[Problem statement]
Retype, without pictures, the line holding "Etro Blouse imprimee en soie melangee - Bleu" and each line below it through the final line.

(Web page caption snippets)
════════
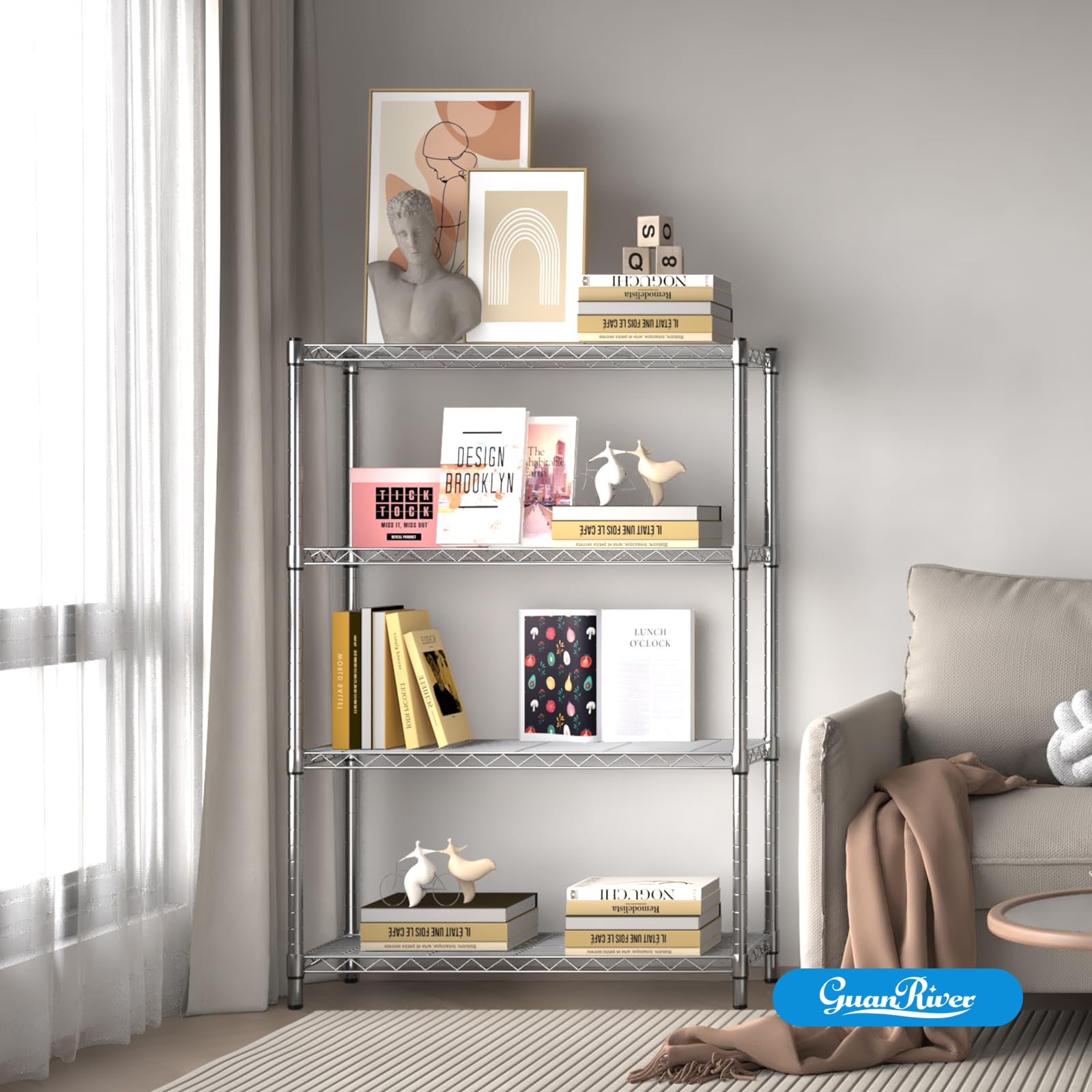 4 Shelf Adjustable Metal Wire Shelving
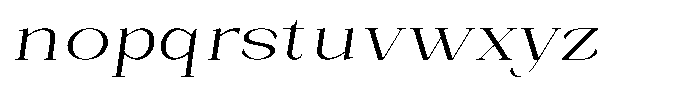 Bleshil Light Expanded Slant Font LOWERCASE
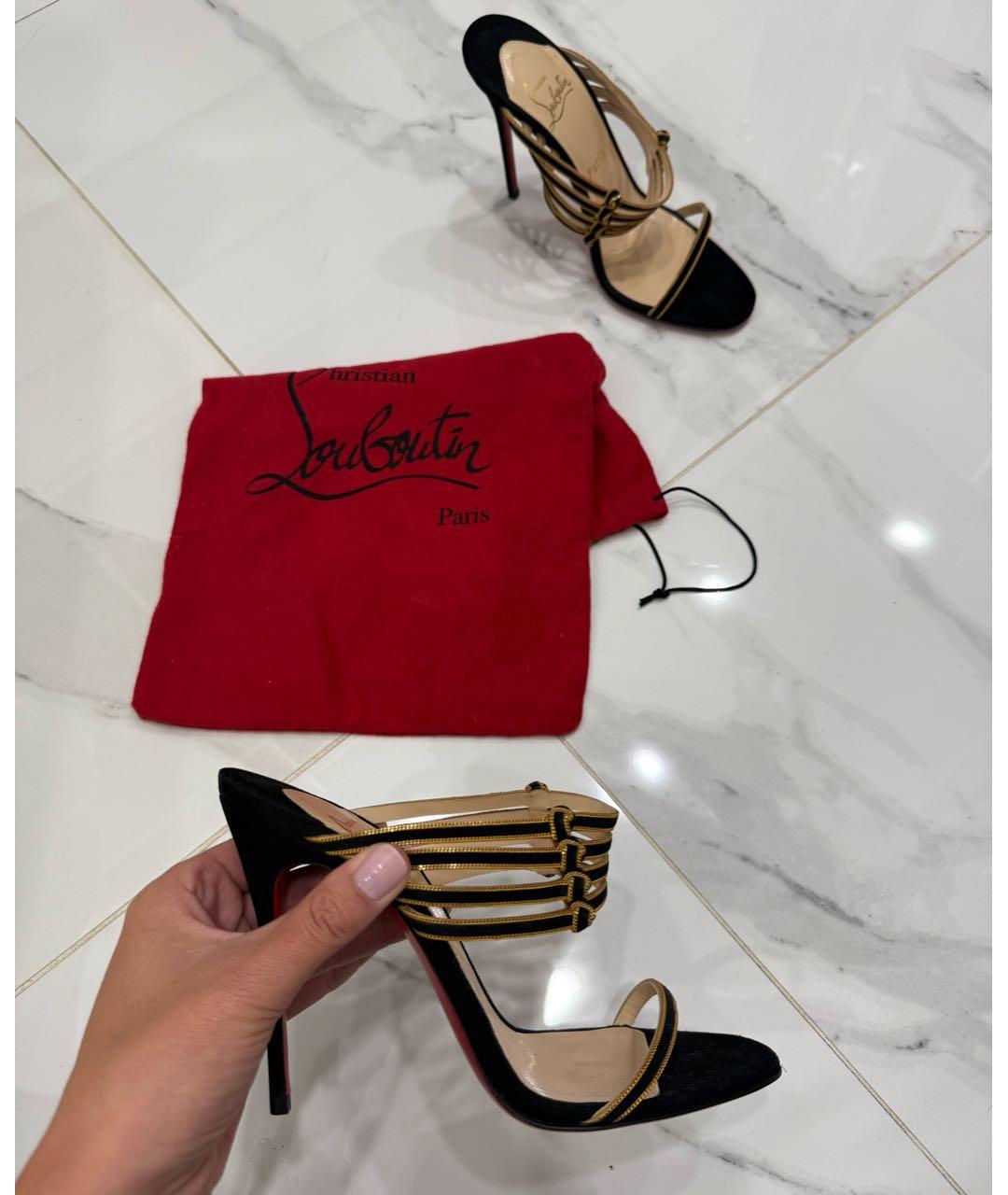 CHRISTIAN LOUBOUTIN Черные замшевые босоножки, фото 7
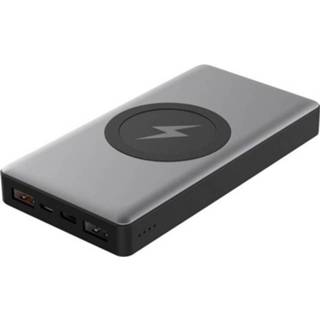 👉 Powerbank zilver Platinet Inductie 1000 mA PMPB10WC silver 10000 mAh Uitgangen Qi-standaard, USB, USB-C bus 5907595445719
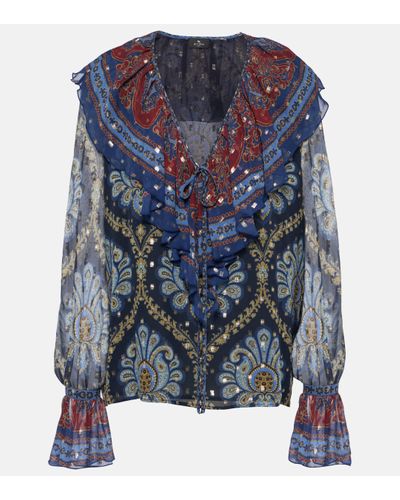 Etro Blouse imprimee en soie melangee - Bleu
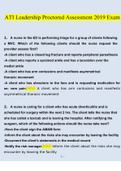 ATI RN Leadership Proctored Assessment 2019 Exam Questions and Answers| 100% Correct Verified Answers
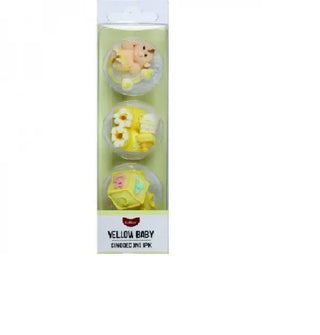 Edible Baby Yellow Icing Dec Ons - 6 Pack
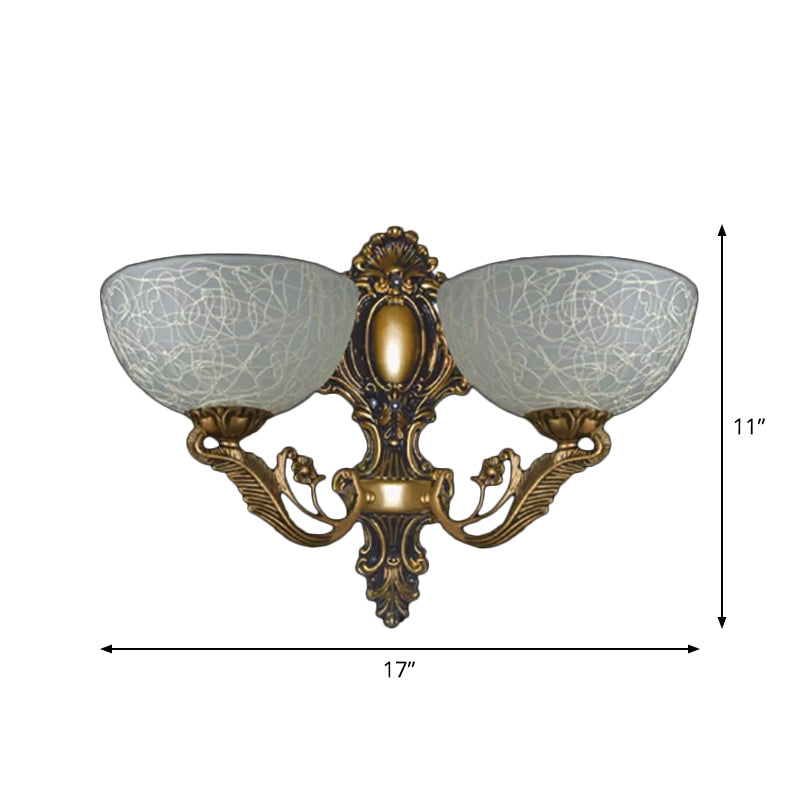 Vivolux | Bowl Witte Patrone Glas Wandlamp Landelijk 2 Lampen Hal Wandmontage Licht in Brons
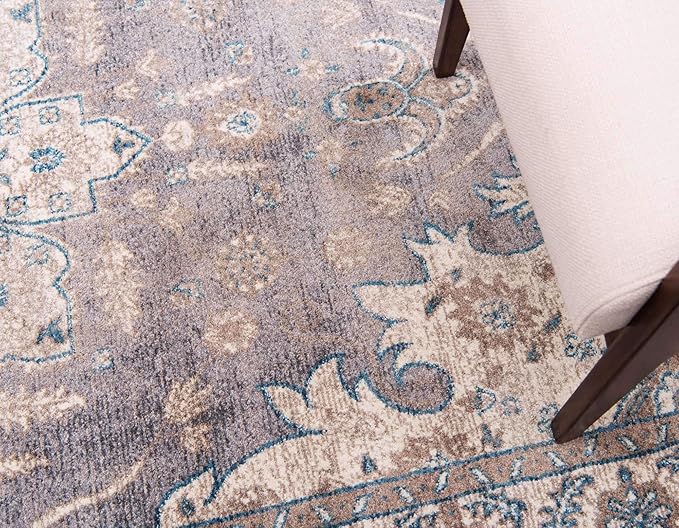 Unique Loom Salzburg Collection Classic Traditional Design Oriental Inspired Border Area Rug (8' 0 x 11' 0 Rectangular, Gray/Beige)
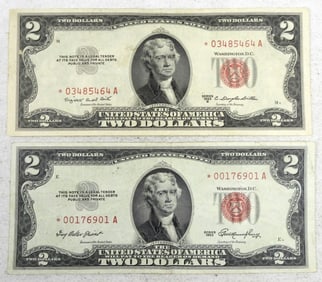 (2) $2 RED SEAL "STAR" NOTES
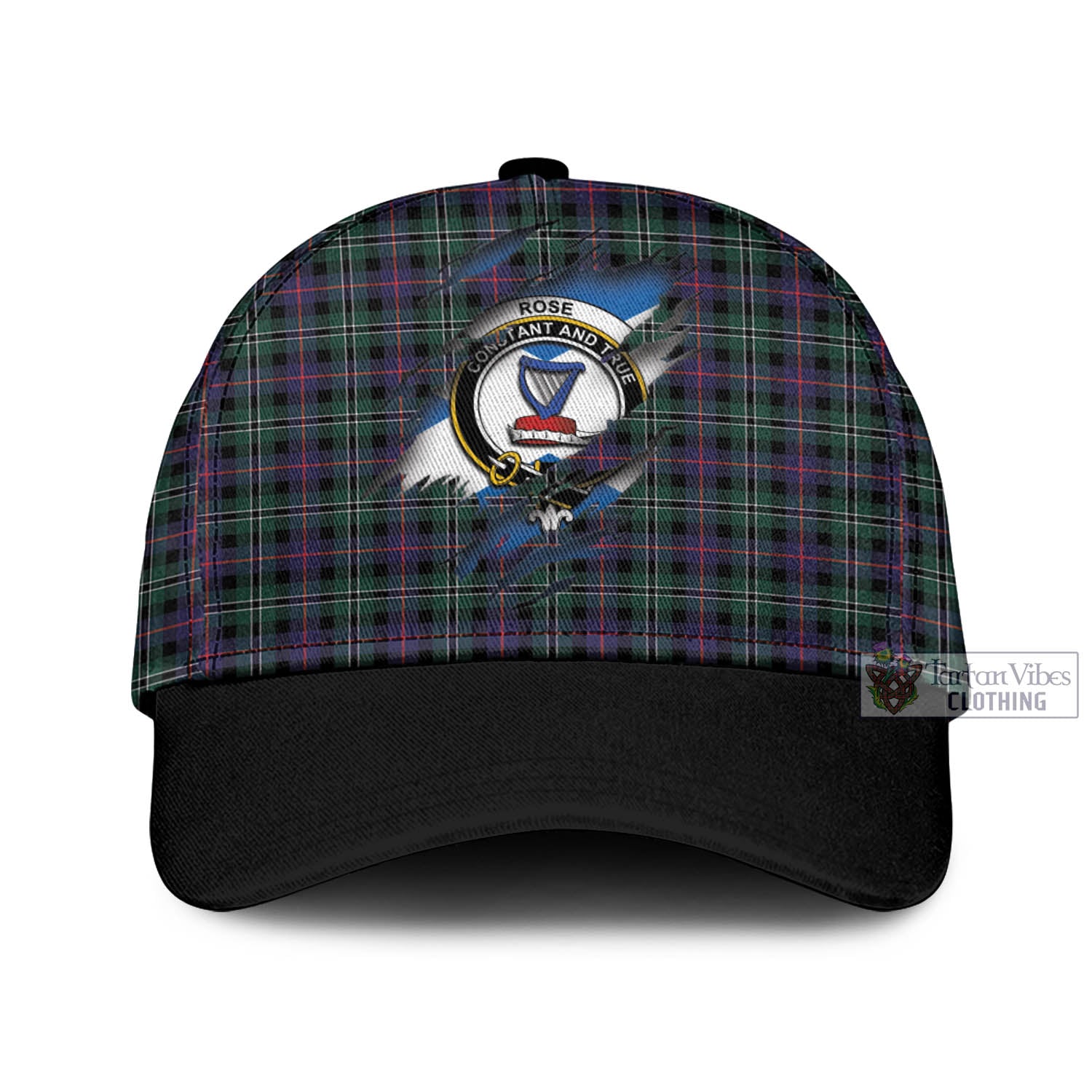 Tartan Vibes Clothing Rose Hunting Modern Tartan Classic Cap with Family Crest In Me Style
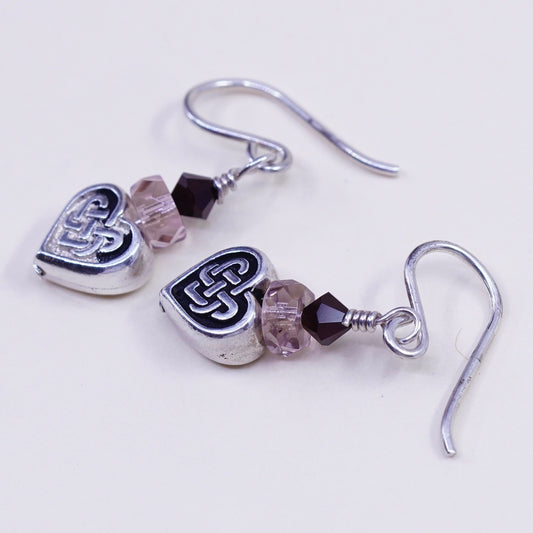 sterling silver earrings, 925 hooks with Irish Celtic knot heart dangles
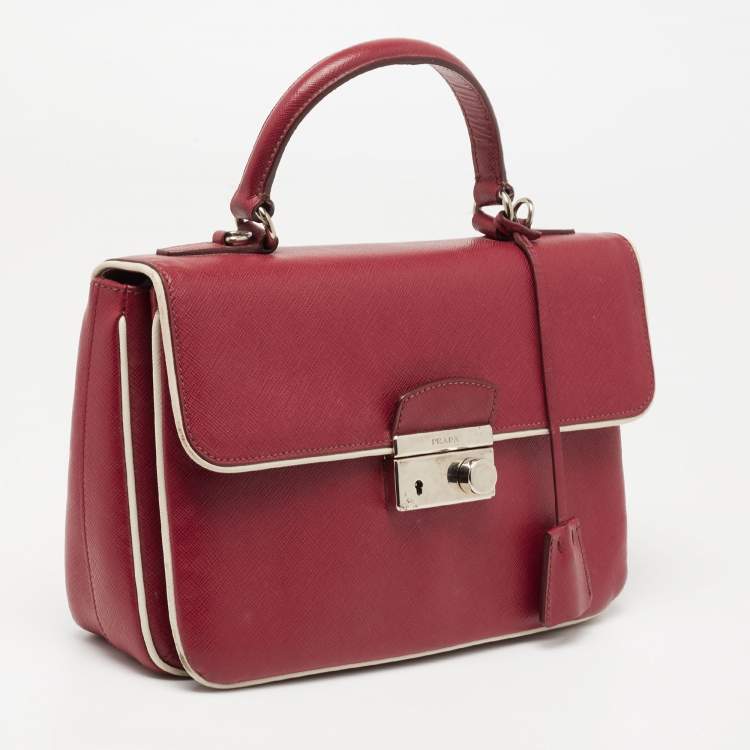 Pre Owned Prada Red/White  Saffiano Lux Leather Sound Top Handle Bag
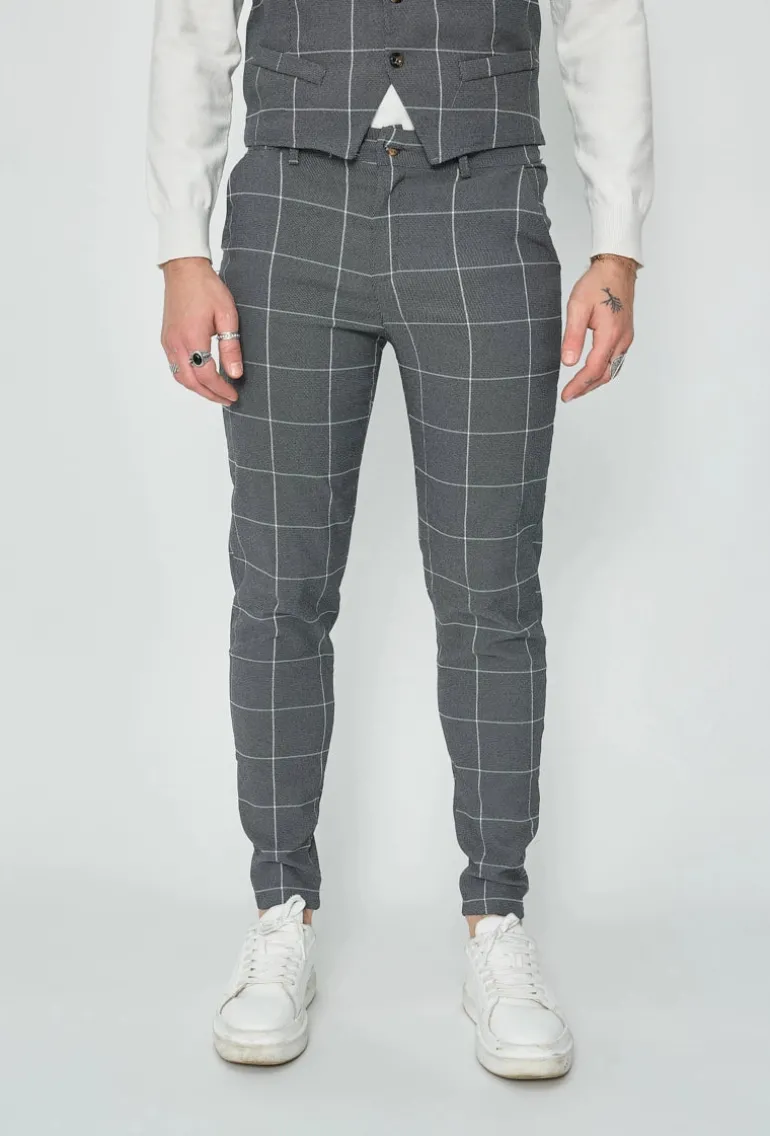 Pantalon habillé à carreaux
════════
[Answer space]
 Etro Blouse imprimee en soie melangee - Bleu
 ATI RN Leadership Proctored Assessment 2019 Exam Questions and Answers| 100% Correct Verified Answers
 Edible Baby Yellow Icing Dec Ons - 6 Pack
 Vivolux | Bowl Witte Patrone Glas Wandlamp Landelijk 2 Lampen Hal Wandmontage Licht in Brons
 Unique Loom Salzburg Collection Classic Traditional Design Oriental Inspired Border Area Rug (8' 0 x 11' 0 Rectangular, Gray/Beige)
 (2) $2 RED SEAL "STAR" NOTES
 Tartan Vibes Clothing Rose Hunting Modern Tartan Classic Cap with Family Crest In Me Style
 sterling silver earrings, 925 hooks with Irish Celtic knot heart dangles
 Pre Owned Prada Red/White  Saffiano Lux Leather Sound Top Handle Bag
 Pantalon habillé à carreaux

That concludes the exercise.